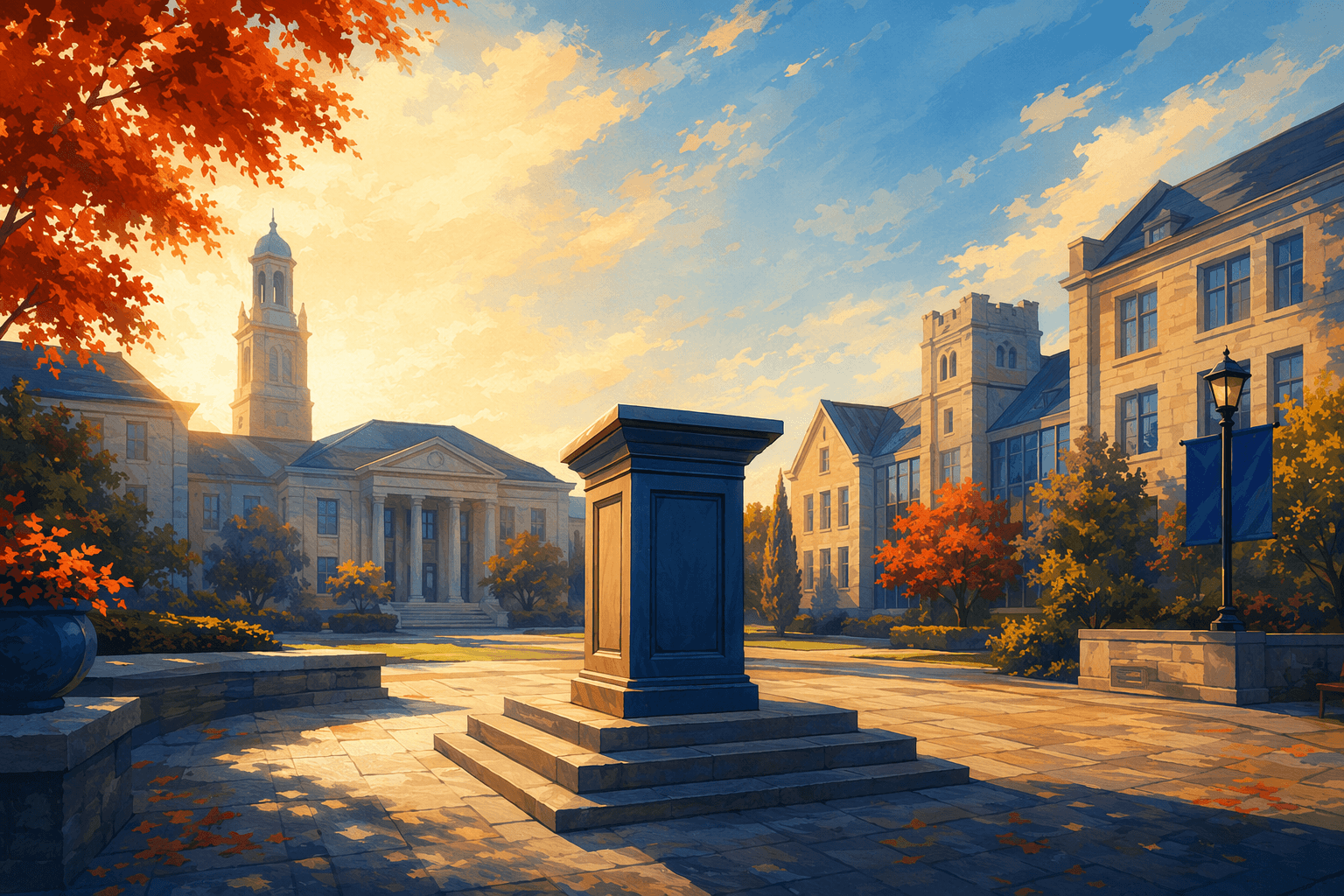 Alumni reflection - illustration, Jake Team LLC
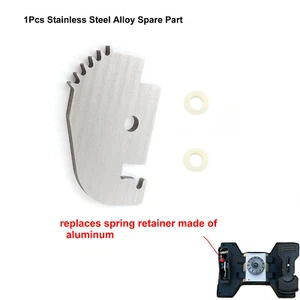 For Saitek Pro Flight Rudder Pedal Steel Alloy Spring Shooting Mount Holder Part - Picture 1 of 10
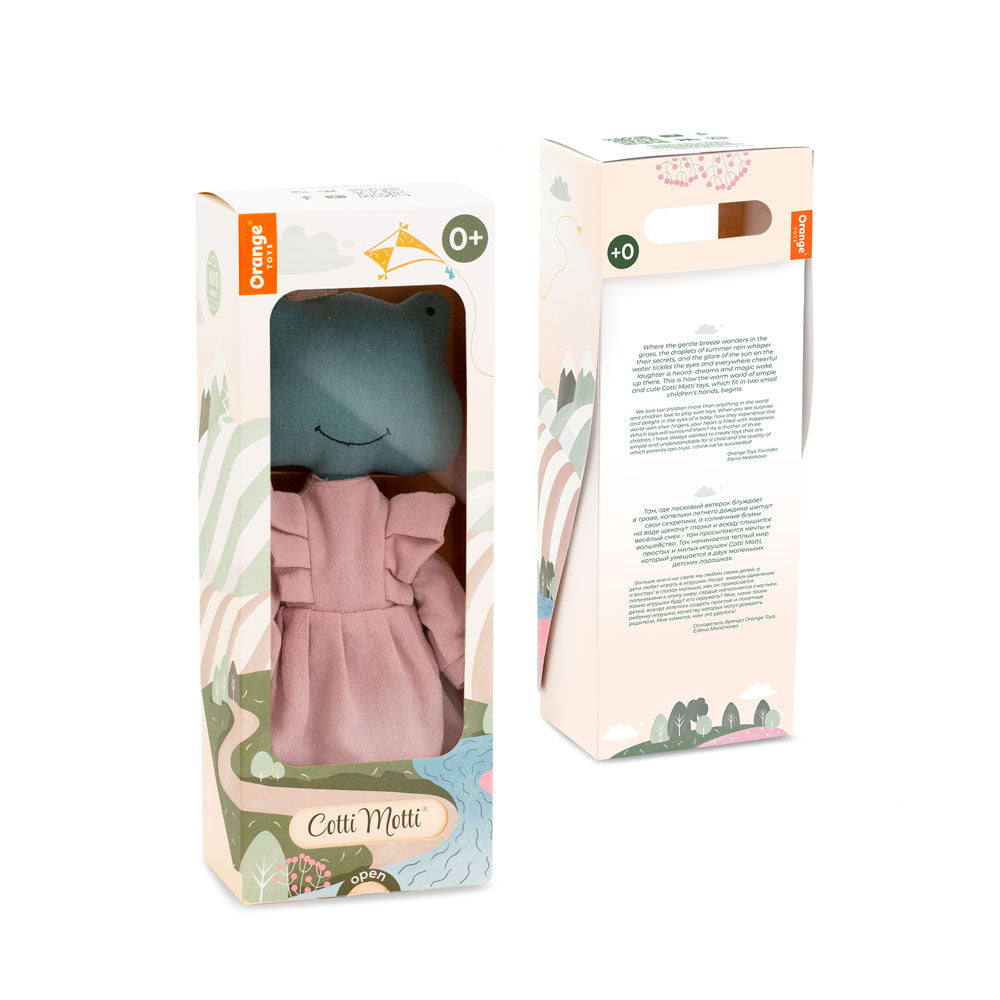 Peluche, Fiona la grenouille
· · · ·
**REQUIREMENT**
Write out the listing above in full, word for word, with no pictures.

**WRITTEN ANSWER**
 Alumni reflection - illustration, Jake Team LLC
 For Saitek Pro Flight Rudder Pedal Steel Alloy Spring Shooting Mount Holder Part - Picture 1 of 10
 Peluche, Fiona la grenouille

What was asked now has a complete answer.